Estas, por terem uma menor visibilidade da opinião pública e maior pessoalidade nas relações com os players interessados, muitas vezes acabam cedendo a pressões e interesses escusos nas suas normatizações, inviabilizando a tecnicidade da norma a ser proferida. Distribuir competências com o fito de afirmar que o assunto foi regulamentado muitas vezes acaba mais prejudicando do que impulsionando a pauta. O caso Buser Vs. ARTESP é uma pintura recente desse cenário.

Ademais, as normas precisam de fato criar mecanismos que facilitem o desenvolvimento das atividades tecnológicas, sem necessidade do aval prévio do Estado. A Declaração de Direitos da Liberdade Econômica (Lei Federal n. 13.874/2019) foi um marco nesse sentido, quando, em prol dos princípios da liberdade no exercício das atividades econômicas, da boa-fé do particular perante os entes públicos e da intervenção subsidiária e excepcional do Estado sobre as atividades privadas (art. 2º, I, II e III), implementou a classificação das atividades, o instituto da self-declaration para as atividades de baixo risco; bem como trouxe a previsão normativa para o sandbox regulatório.

Essa regra tem um viés principal: para empreender com tecnologia, é preciso validar e aprender para depois regulamentar. Muitas vezes o legislador sequer compreende a evolução proporcionada por aquela inovação, e se atreve a regulamenta-la. Por isso, as normas não alcançam os objetivos teóricos almejados.

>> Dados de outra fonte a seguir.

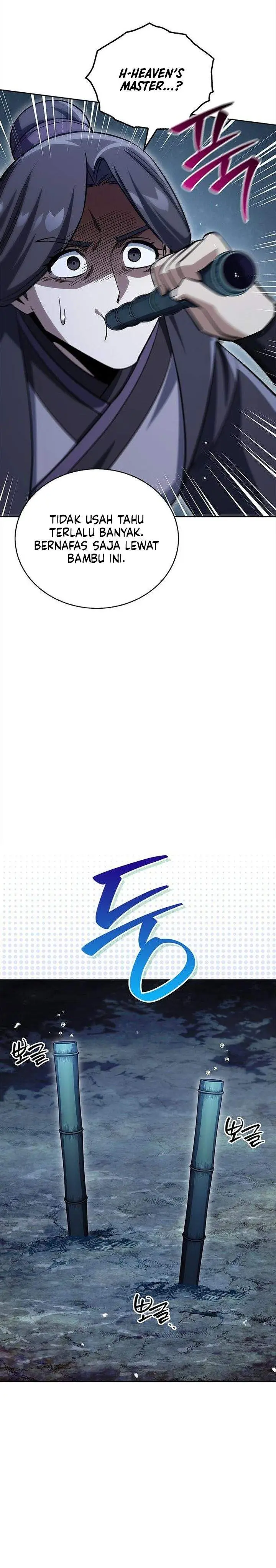 image-komik-heavenly-grand-archives-young-master-chapter-168-33/43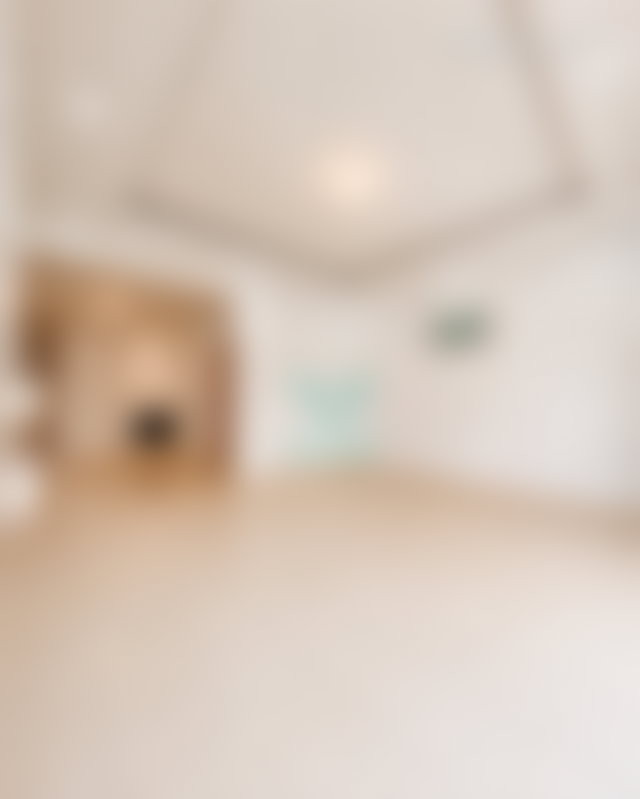 Appartement 4 pièces avec jardin à Aïn Diab Casablanca — 3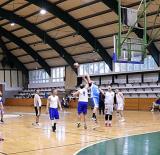 Kikaptak a kosarasok …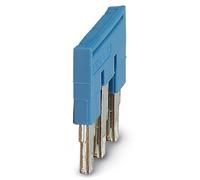 Phoenix 3036880 - Pont enfichable FBS 3 - 5 BU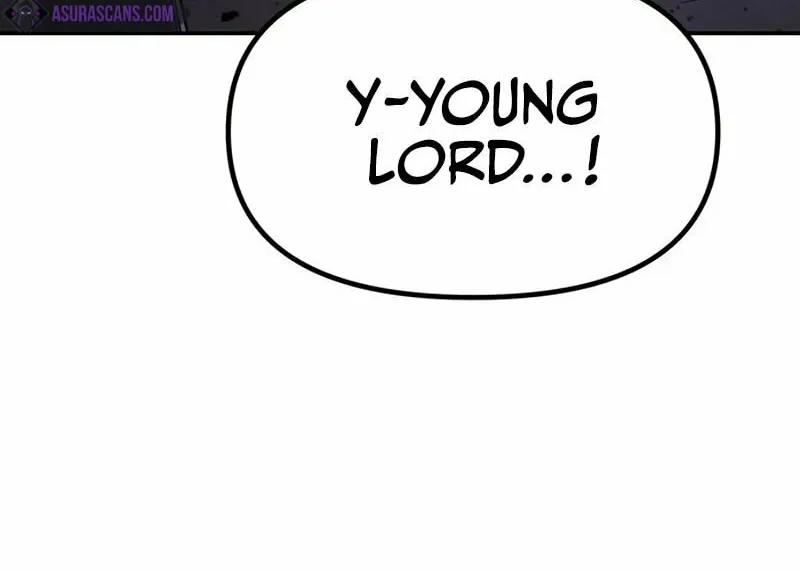 Chronicles of the Demon Faction Chapter 18 page 54 - 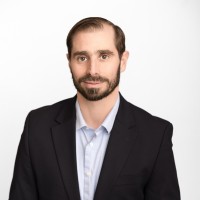 Gerardo Cantu Hovelman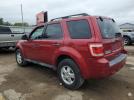 Ford Escape Xlt Image 2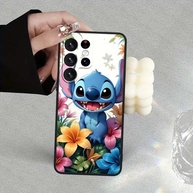 Capinha Stitch Animada: Proteção e Estilo! - imagem 2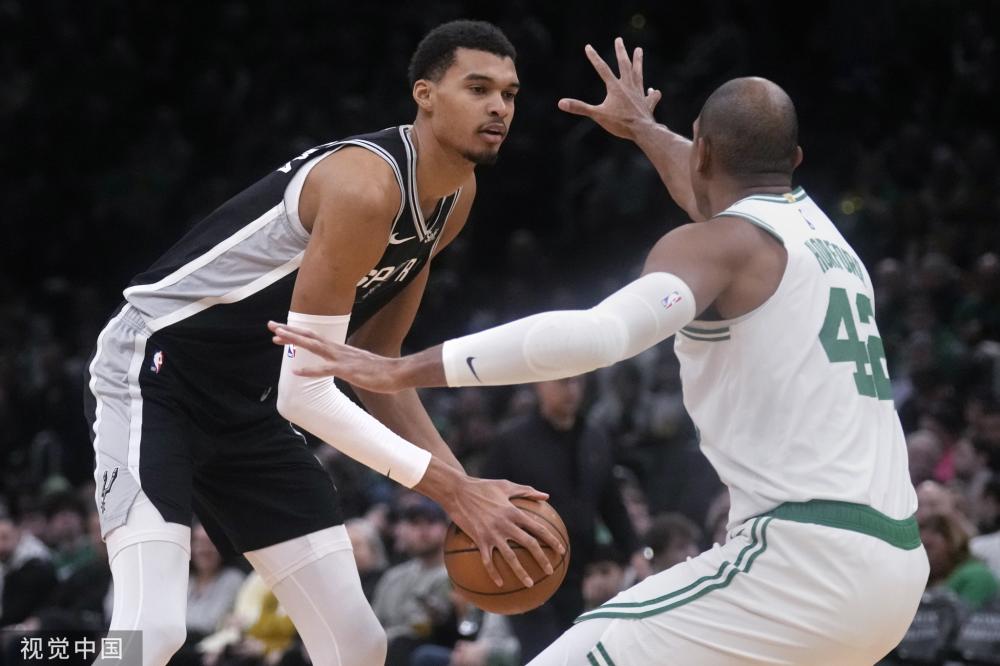 尼斯最终加 尼斯最终加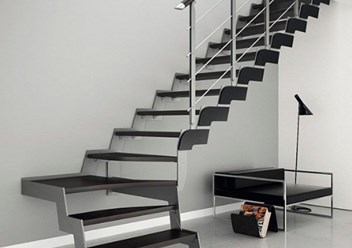 lestnicy-v-tomske.ru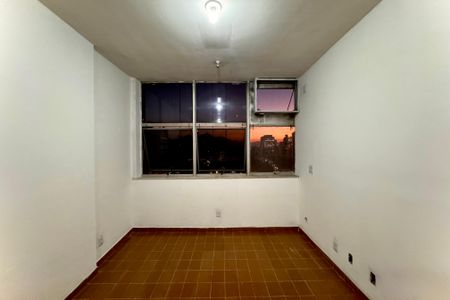 Apartamento para alugar com 1 quarto, 40m² em Centro, Rio de Janeiro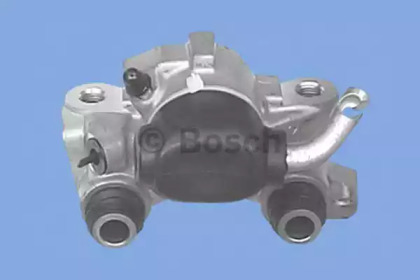 BOSCH 0 204 103 077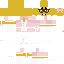 Texture for as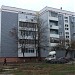 ул. Гагарина, 71 в городе Волгодонск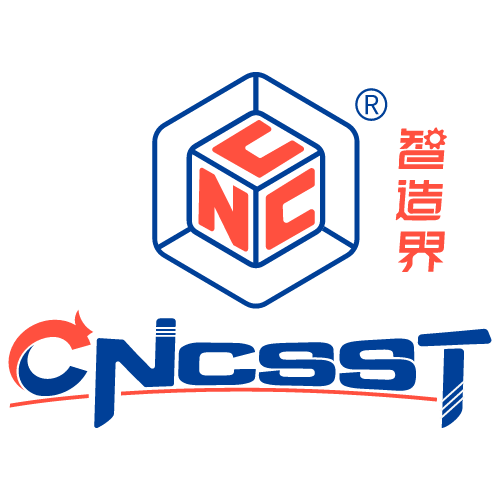 赵世文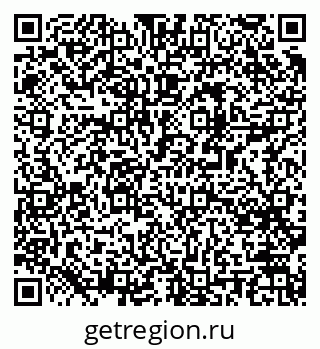 79061480677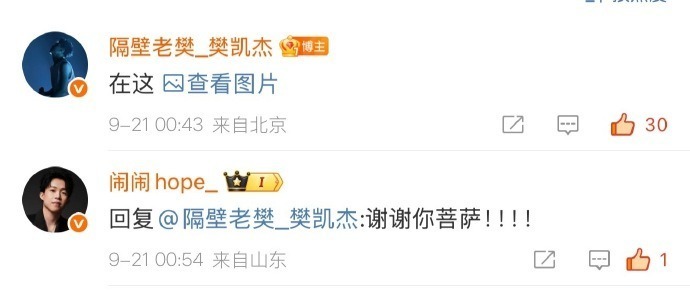 隔壁老樊是, 凭借冷静心, 强势反扑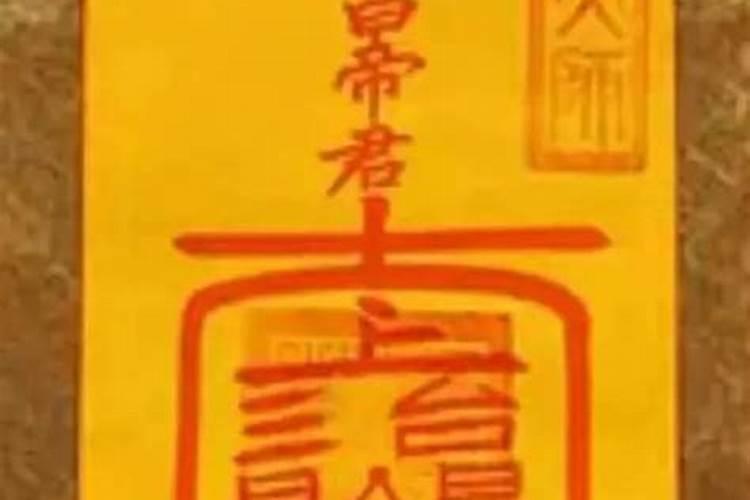 端午节习俗有哪些 端午节吃粽子的习俗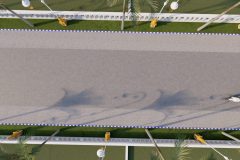 Final-View-17-scaled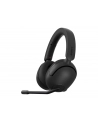 Sony Inzone H5 Czarne - nr 1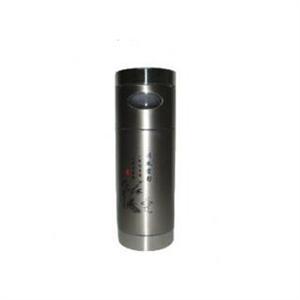 [当当自营] 富光360ML真空不锈钢保温杯FGL-3100茶杯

Não dá para a atividade inovadora ficar aguardando a boa vontade do poder público para o seu ingresso no mercado. É preciso que haja um estimulo para a inovação, de desenvolvimento da atividade comercial, antes do estado tentar estabelecer parâmetros e regras para a inovação. Esse, inclusive, é um dos princípios aplicado nos maiores centos de inovação do mundo, que criam espaços para estimular o desenvolvimento de atividades econômicas antes discutir os aspectos normativos da matéria.